Costs may also come down as Passive House technology and materials become more widespread domestically, such as the 14-inch fasteners required to put the exterior walls together. “It cost us thousands of dollars just for screws,” Callaway notes. “Just one manufacturer makes them, so they can charge what they want.”
Windows imported from Europe were deemed a necessary expense. The windows are better at creating thermal breaks, lock tighter and have greater clarity than those available domestically when the home was built in 2019.
The first certified U.S. Passive House was completed in 2005 in Urbana, Ill., constructed by PHIUS cofounder Katrin Klingenberg, who said her organization sought to “create a carbon-neutral, healthy, safe and just future for everyone by mitigating the climate crisis.”
“We are a sword and a shield against climate change,” says PHIUS Associate Director Lisa White. “A sword to slash emissions, but also a shield against natural disasters.”
To gain certification, a Passive House must be “resilient,” or able to stand on its own during natural disasters. The Texas “snowpocalypse” storm in February 2021 claimed 246 lives and caused $200 billion in property damage, including many homes destroyed by burst pipes. A certified Passive Home in Dallas managed to keep its interior temperature in the high 50s and above during the ice siege, which shut down the power grid.
As of Jan. 1, 2018, there were just 1.7 million square feet of fully certified single-family or multifamily projects in the U.S., totaling 1,500 units. Today, there are 17 million square feet and 13,800 PHIUS dwelling units.

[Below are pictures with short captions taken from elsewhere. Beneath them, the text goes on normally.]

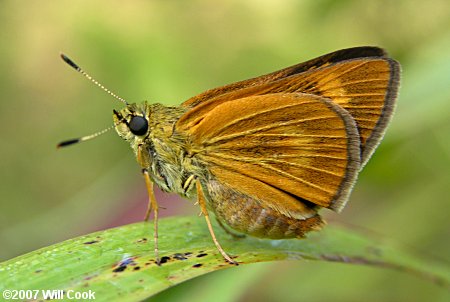 Byssus Skipper (Problema byssus)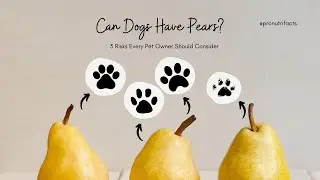 Three Risks of Feeding Pears to Dogs #doghealth #petsafety #dognutrition #healthypets #pets #dogs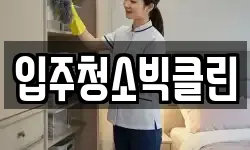 입주청소빅클린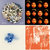 jan van iseghem thumbnail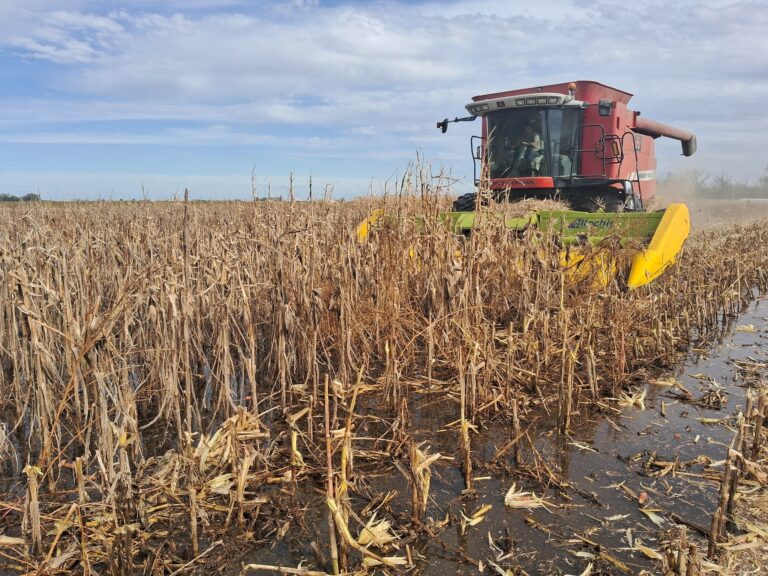 “Es la vocación y estamos preparados”: En 9 de Julio un productor cosecha un lote maíz con el campo totalmente inundado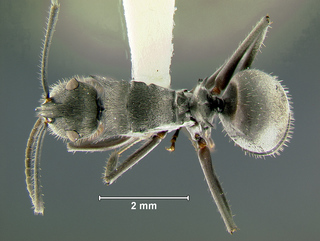 Polyrhachis pubescens, worker, top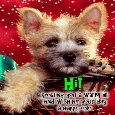 A Warm Hi!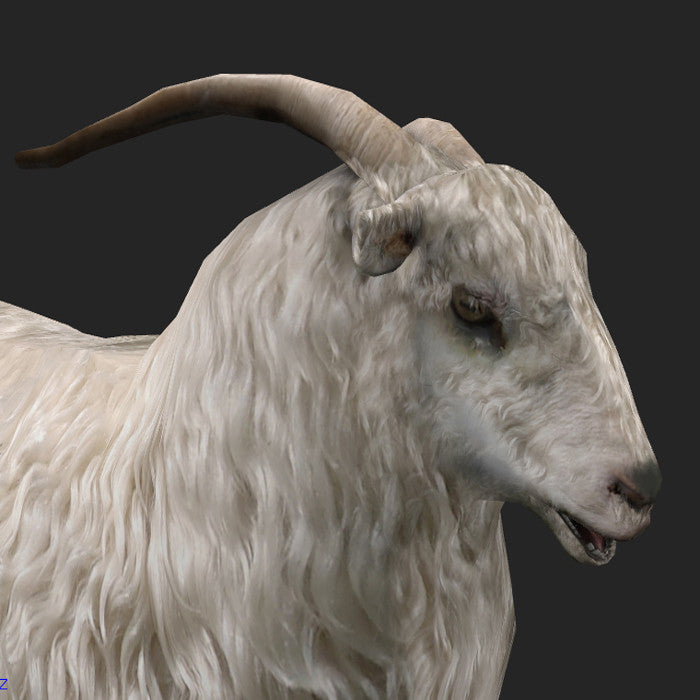 Fluffy Sheep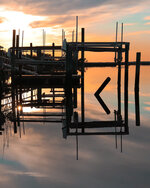 Marina at Sunset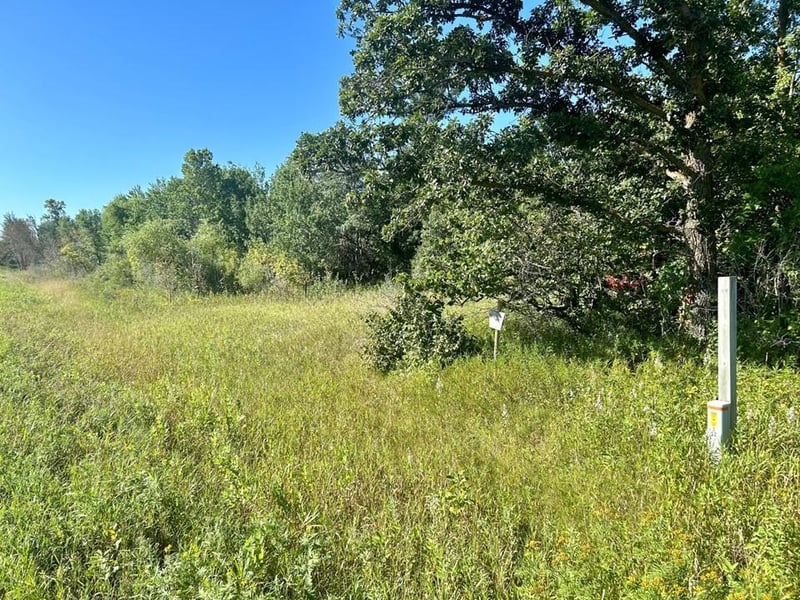 xxxx 580th Ave, Deer Creek, MN 56527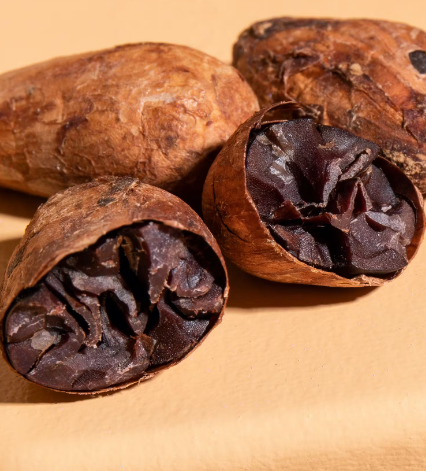 Madagascar Criollo-Only Cacao Beans (Unroasted)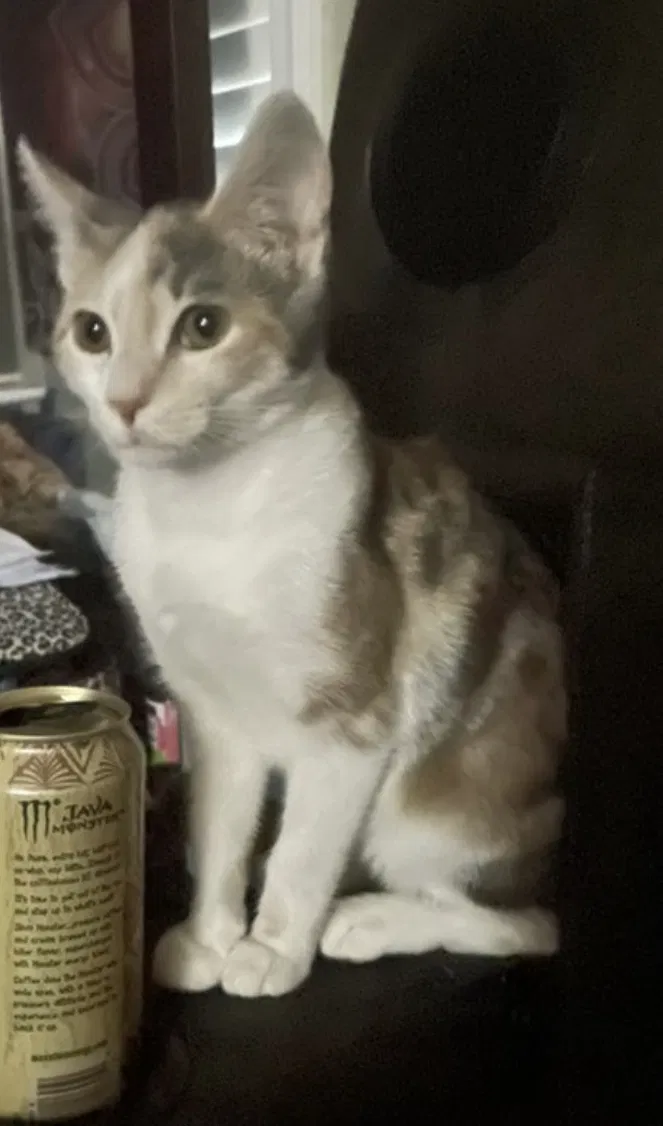 Lost cat in Fort Oglethorpe, GA, 30742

The Northeast is the epicenter of PHIUS construction in the U.S., with Boston and New York City leading the way, largely due to cash incentives from utility companies. In Seattle, 23 PHIUS projects have been completed or are under construction. One is a school, and of the remainder, two thirds are single-family and one-third are multi-family homes.

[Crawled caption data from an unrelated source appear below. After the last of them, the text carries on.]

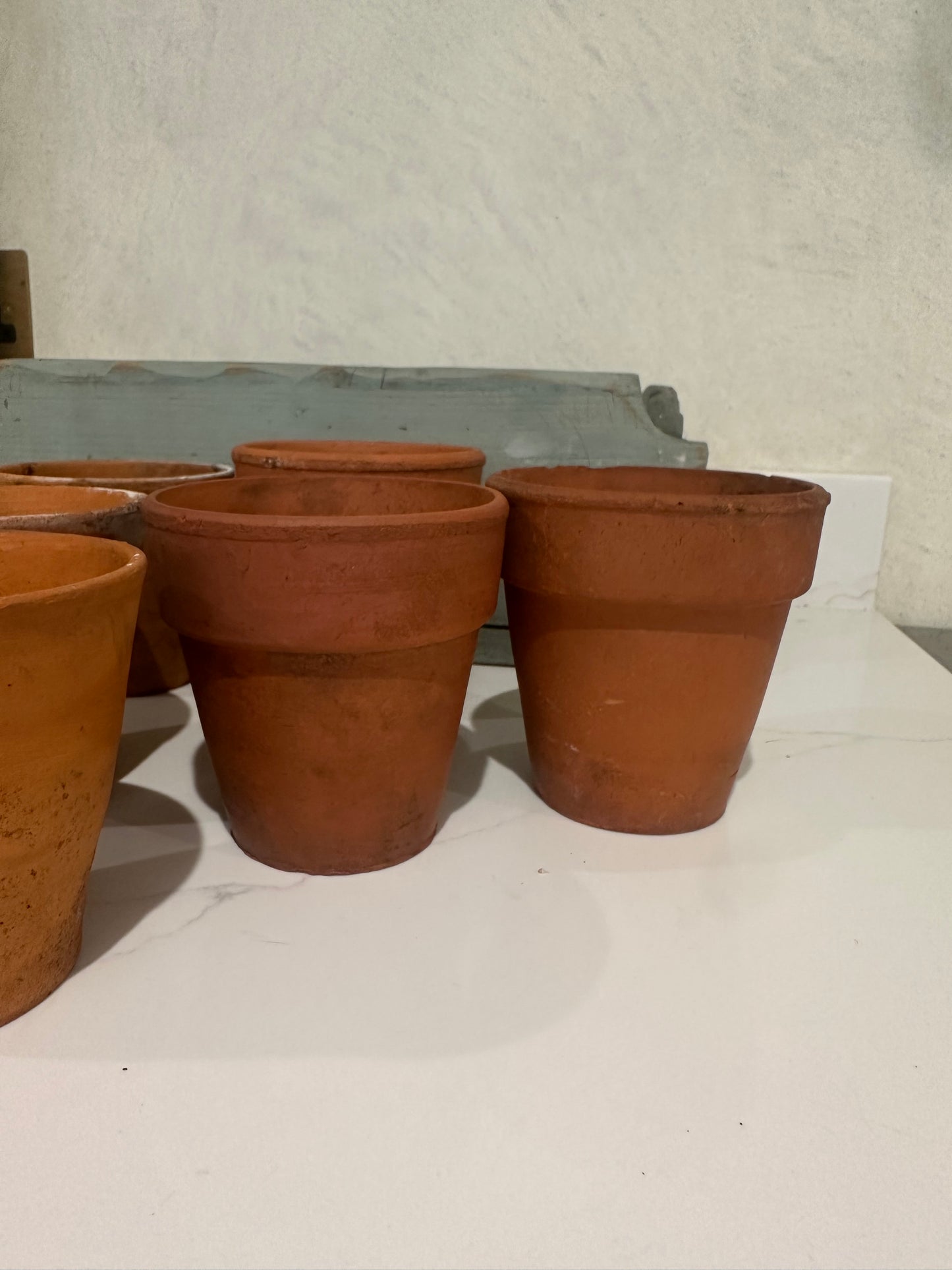 3 terracotta pots herbs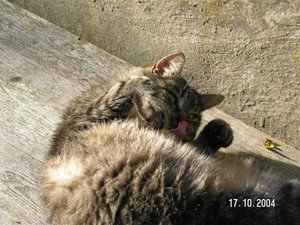 PICT0571 (Medium).JPG PICT0571 (Medium).JPG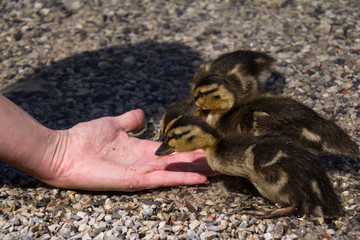 Enten füttern - Enten Küken am See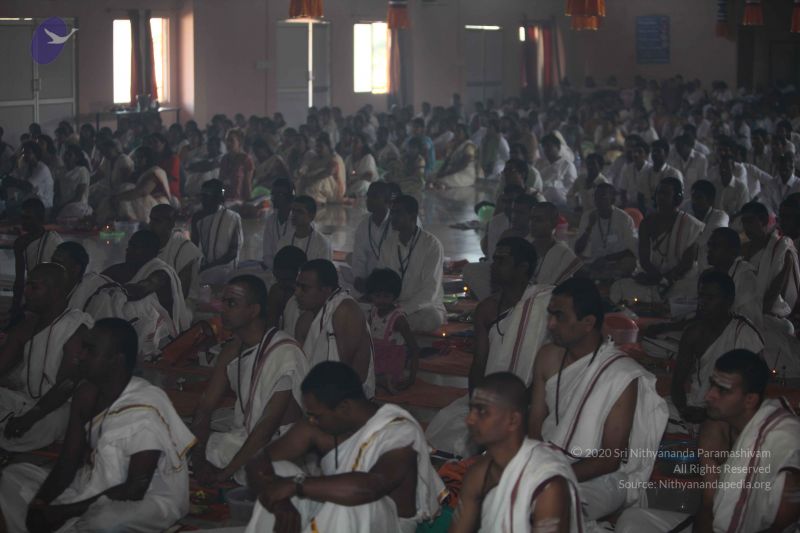 File:20101114 Photo 1320 14Illec3M2m ylVOMZgYAYqz 66qw2DsG.JPG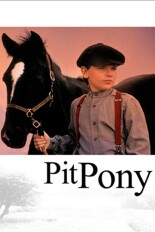 Pit Pony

Seattle was among the first cities to adopt the technology.
“Seattle’s doing pretty good for a city that doesn’t have strong incentive programs behind it. It says something about the will of the city,” White says. Ballard boasted one of Seattle’s first two Passive Houses a decade ago.

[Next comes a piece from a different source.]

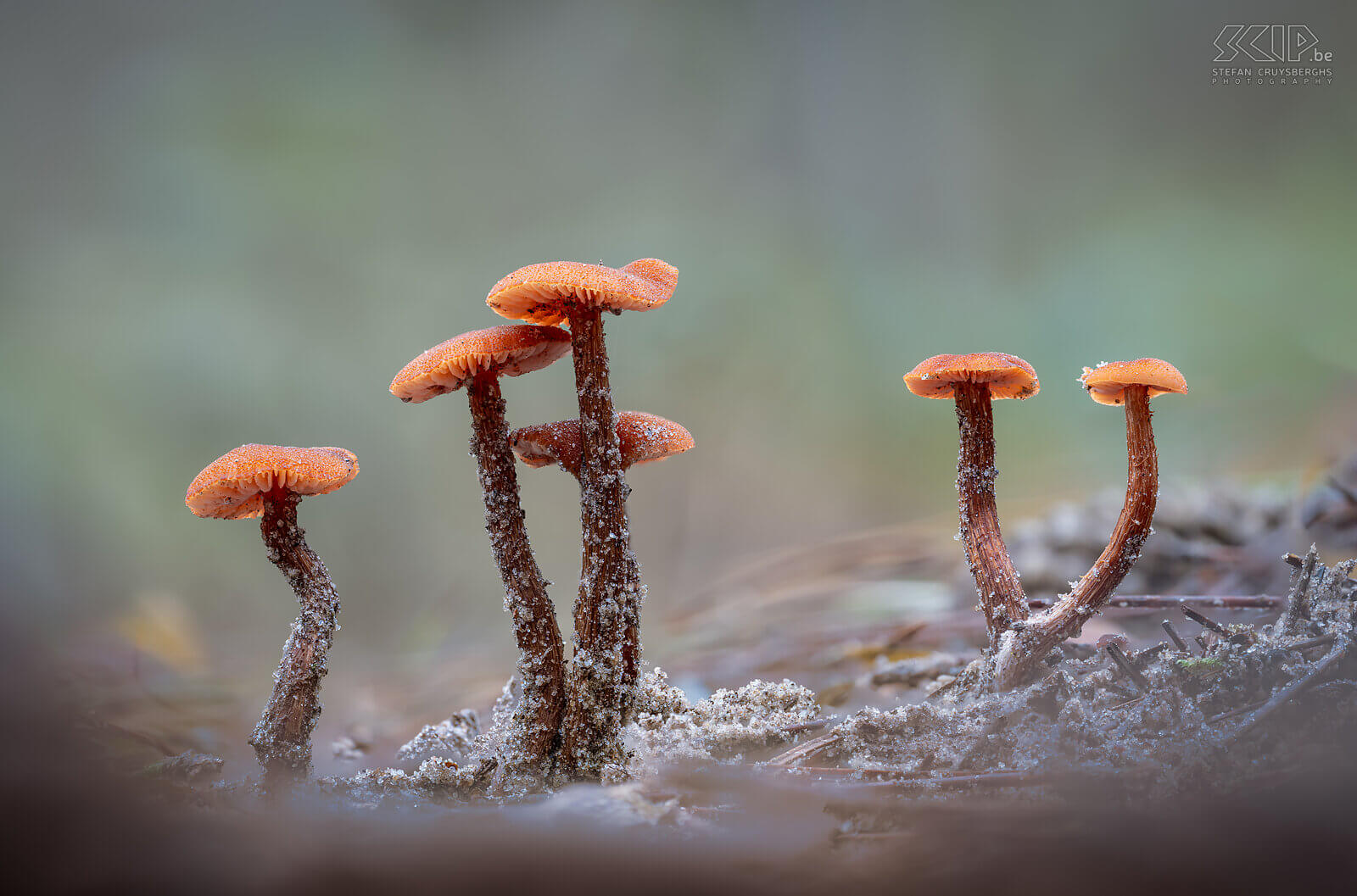 Paddenstoelen - Schubbige fopzwam De Schubbige fopzwam (Laccaria proxima), een kleine mooie oranje-bruine paddenstoel die vooral voorkomt op droge zandgronden. Deze macro foto's werden gemaakt in Averbode bos. Stefan Cruysberghs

About 90% of PHIUS structures are new construction. The organization is working on calibrating new standards for retrofitting existing structures, devising metrics that calculate carbon required to operate the building, the carbon embodied in the construction materials and the carbon cost of labor.
“We’re looking at it a little more holistically,” White says.
Callaway believes the Ballard project is the first — or one of the first — Northwest homes to use 4-inch-thick Gutex wood fiberboard insulation on the exterior of the home. Gutex requires very little embodied energy to manufacture, provides a very stable substrate for siding and is easy to work with.
Most of the Ballard home’s exterior is finished in Western red cedar stained with lifetime wood treatment. Low-maintenance corrugated metal, installed vertically to jog the eye, and white HardiePanel complete the exterior ensemble.
It was necessary to push the home site uncomfortably close to the northern property line on the 5,000-square-foot lot to accommodate solar harvesting on the south. In response, a “pinched” main entrance was created to increase privacy, safety and security. Once caught by this chute, the visitor is released into a spacious living room with elevated ceiling.
To keep living space costs down, Ballard Passive House makes clever use of the world’s most efficient net-zero environment — the great outdoors.
A cozy, very private 400-square-foot courtyard is where the outdoors-loving family spends much of its time. The back of the garage was beveled to create another hour of sunlight for the treasured space.
When it comes to the environment, this and all Passive Houses are very aggressive.